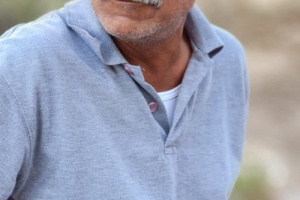 رئيس انتقالي حضرموت يعزي في وفاة الفنان والملحن خالد صالح باوجيه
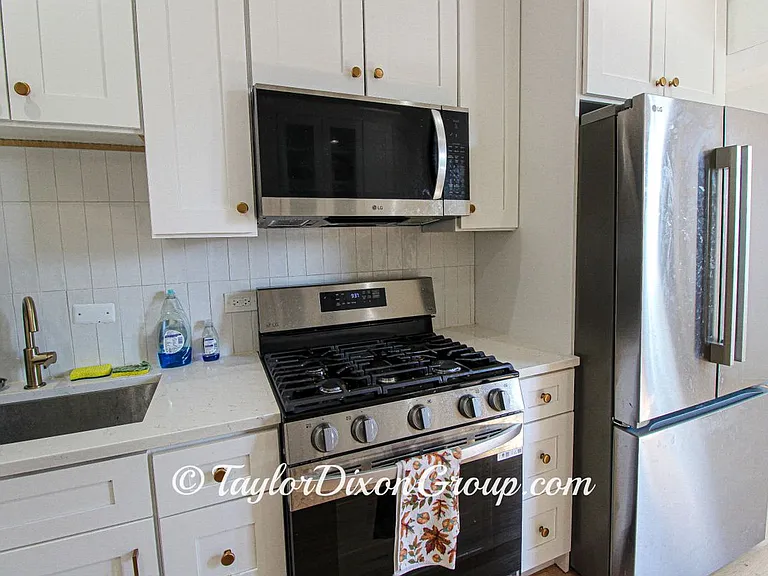 6617 S Minerva Ave #2 — Photo 13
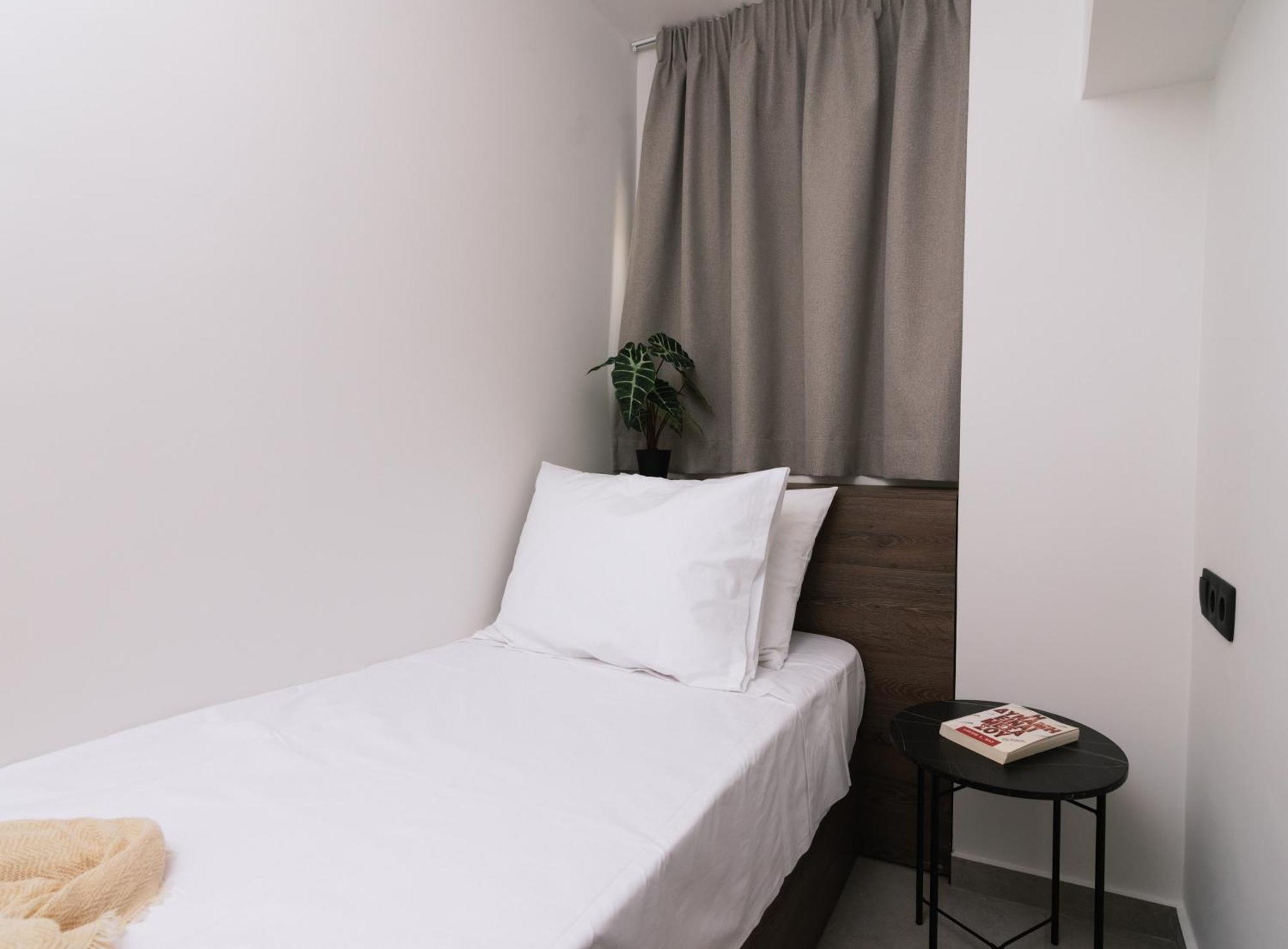 Alcyone Studios And Apartments Ираклион Экстерьер фото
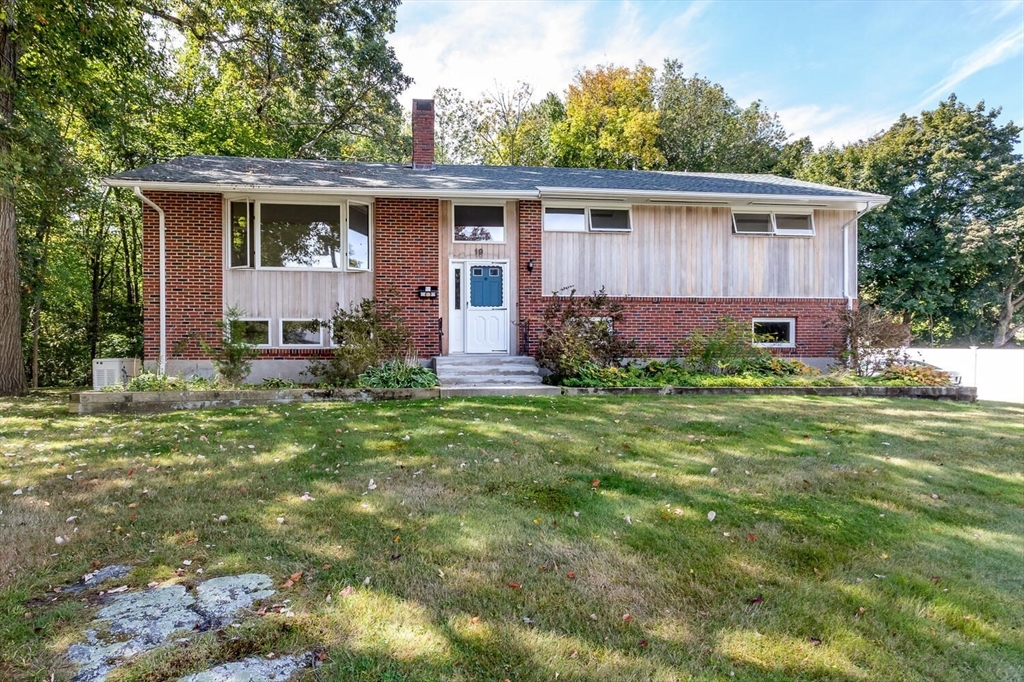 19 Walnut Knolls Canton, MA 02021 - Photo 2 of 22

------------------------------

Exercise directions
In the listing, find the line with "6617 S Minerva Ave #2 — Photo 13" and retype exactly from there through the last line, both included, leaving the pictures out.

Result of the exercise
 6617 S Minerva Ave #2 — Photo 13
 Alcyone Studios And Apartments Ираклион Экстерьер фото
 19 Walnut Knolls Canton, MA 02021 - Photo 2 of 22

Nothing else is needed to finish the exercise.